SOURCE DATA:
● ● ●

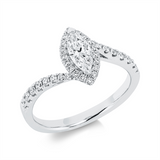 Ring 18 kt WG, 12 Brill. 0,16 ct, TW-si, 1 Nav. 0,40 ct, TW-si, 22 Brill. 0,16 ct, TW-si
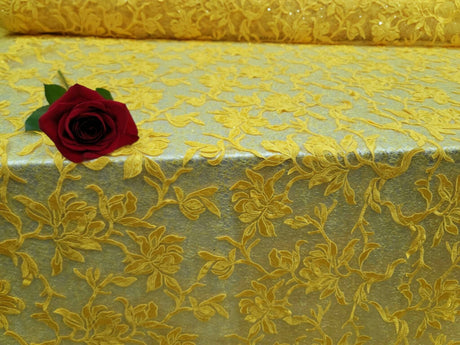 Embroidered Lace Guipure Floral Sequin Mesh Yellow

● ● ●

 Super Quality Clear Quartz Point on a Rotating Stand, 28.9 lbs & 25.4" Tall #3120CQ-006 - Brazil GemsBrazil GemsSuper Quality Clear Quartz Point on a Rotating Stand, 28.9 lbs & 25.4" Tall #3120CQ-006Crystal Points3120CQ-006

● ● ●

TASK INSTRUCTIONS: What's needed is an exact copy of the records above from the line containing "Ring 18 kt WG, 12" down to the line containing "Embroidered Lace Guipure", both included, without any pictures.

EXERCISE ANSWER:
 Ring 18 kt WG, 12 Brill. 0,16 ct, TW-si, 1 Nav. 0,40 ct, TW-si, 22 Brill. 0,16 ct, TW-si
 Embroidered Lace Guipure Floral Sequin Mesh Yellow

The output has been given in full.